Islamistische Gruppen sind nur schwer zu unterwandern. Experten glauben, dass die rechte Szene am intensivsten ausgeforscht wird, allerdings weniger durch eigene Verfassungsschutzleute als viel mehr durch Aktivisten. Es sei dort recht einfach, man müsse nur die groben Sprüche mitmachen. Peinlich wurde es für den Staat, als er vor acht Jahren die NPD verbieten lassen wollte. Bei der Verhandlung vor dem Bundesverfassungsgericht in Karlsruhe stellte sich heraus, dass 40 von bundesweit über 300 Vorstandsmitgliedern der Partei von Verfassungsschützern bezahlt wurden. Weil die staatlichen Stellen die Namen geheim hielten, ließen die Rich-ter das Verbotsverfahren platzen.
Der Staat muss sich in nicht wenigen Fällen auf Kriminelle oder Extremisten verlassen. Genauer nachgefragt wird in der Regel nicht, weil das Ziel, an Informationen zu kommen, als wichtiger angesehen wird als der Anspruch auf eine einzelne Strafverfolgung. Die Folge: Die Angeworbenen sind nicht kontrollierbar, obwohl die Richtlinien eine „straffe“ Führung verlangen. Dramatisch wird es, wenn sich der V-Mann an kriminellen Handlungen beteiligt oder gar andere dazu auffordert.
Ist das passiert?
Mehrfach. In Thüringen hat ein Informant offenbar sogar zum Mord aufgerufen. Der spektakulärste Vorwurf in diesem Zusammenhang kommt vom Sohn des 1977 von der RAF getöteten Generalbundesanwalts Siegfried Buback. Michael Buback hat die Terroristin Verena Becker in Verdacht, sie habe bereits als V-Frau von Sicherheitsbehörden gearbeitet, als sie seinen Vater ermordete. Hat der Staat also selbst den Mord an einem seiner höchsten Repräsentanten geduldet oder davon gewusst? Die Verfassungsschutzbehörden streiten dies vehement ab.

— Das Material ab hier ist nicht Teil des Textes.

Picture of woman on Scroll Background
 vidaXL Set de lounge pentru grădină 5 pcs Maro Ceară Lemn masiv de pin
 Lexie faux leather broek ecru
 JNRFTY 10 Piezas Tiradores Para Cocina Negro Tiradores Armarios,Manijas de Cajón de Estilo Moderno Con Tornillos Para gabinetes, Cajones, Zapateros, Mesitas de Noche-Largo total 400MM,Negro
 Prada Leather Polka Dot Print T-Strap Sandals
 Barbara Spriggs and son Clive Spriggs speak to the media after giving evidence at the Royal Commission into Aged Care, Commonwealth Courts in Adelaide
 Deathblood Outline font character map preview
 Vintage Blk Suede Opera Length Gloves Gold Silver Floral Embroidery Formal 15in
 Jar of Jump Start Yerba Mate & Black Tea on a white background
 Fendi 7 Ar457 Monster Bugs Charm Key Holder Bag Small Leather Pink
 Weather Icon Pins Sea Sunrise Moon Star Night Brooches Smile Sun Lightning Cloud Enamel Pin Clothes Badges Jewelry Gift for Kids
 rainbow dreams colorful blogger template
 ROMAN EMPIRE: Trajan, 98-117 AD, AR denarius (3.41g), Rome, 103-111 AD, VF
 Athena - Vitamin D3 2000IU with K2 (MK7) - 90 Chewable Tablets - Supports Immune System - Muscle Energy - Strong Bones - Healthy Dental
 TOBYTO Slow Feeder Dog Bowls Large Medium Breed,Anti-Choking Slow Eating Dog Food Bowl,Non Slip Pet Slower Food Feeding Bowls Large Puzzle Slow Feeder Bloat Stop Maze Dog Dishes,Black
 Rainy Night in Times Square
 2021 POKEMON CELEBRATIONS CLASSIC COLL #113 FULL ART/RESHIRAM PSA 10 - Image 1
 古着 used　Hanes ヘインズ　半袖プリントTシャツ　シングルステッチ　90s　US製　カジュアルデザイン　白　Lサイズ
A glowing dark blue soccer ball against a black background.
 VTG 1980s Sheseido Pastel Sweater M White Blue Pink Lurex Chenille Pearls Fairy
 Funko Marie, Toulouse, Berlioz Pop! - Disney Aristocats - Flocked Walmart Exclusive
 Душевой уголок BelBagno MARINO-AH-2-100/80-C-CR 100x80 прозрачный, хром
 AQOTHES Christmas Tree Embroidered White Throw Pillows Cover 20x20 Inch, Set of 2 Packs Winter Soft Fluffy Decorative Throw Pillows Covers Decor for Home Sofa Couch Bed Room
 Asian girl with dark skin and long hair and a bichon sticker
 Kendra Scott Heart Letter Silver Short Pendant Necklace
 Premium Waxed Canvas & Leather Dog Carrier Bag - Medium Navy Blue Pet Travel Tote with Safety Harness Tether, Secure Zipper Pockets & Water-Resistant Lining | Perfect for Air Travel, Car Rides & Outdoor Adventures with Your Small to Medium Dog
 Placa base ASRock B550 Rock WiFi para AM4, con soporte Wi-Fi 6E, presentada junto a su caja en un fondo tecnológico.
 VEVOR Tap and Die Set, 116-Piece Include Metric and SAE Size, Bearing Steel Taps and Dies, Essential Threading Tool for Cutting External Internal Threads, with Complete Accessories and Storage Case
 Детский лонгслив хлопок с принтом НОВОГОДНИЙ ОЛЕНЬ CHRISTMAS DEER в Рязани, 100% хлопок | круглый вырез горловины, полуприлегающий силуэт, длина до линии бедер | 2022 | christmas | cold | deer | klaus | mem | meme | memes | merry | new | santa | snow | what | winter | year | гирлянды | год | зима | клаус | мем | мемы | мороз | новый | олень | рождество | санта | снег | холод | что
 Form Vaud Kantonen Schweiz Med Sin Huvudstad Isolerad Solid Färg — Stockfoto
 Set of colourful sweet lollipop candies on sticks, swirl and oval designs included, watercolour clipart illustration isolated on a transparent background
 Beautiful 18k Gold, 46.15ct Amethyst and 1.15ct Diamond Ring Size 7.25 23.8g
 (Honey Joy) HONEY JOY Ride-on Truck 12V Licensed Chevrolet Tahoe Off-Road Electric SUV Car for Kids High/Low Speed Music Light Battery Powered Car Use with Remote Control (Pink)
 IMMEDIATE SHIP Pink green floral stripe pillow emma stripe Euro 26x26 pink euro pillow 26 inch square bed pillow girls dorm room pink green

Was könnte die Folge der Döner-Mord-Affäre für den Einsatz von V-Leuten sein?
Die Linke fordert den Verzicht auf den Einsatz. Aber schon SPD-Innenminister sehen das anders – wie Reinhold Gall aus Baden-Württemberg, der gegenüber der Nachrichtenagentur dpa sagte, es gebe nichts Besseres, als jemanden ganz nah an der Quelle zu haben. Möglicherweise kommt es zu strikterer Zusammenarbeit der Behörden und auch einer Lenkung der V-Leute nach dem Vorbild der gemeinsamen Anti-Terror-Zentrale.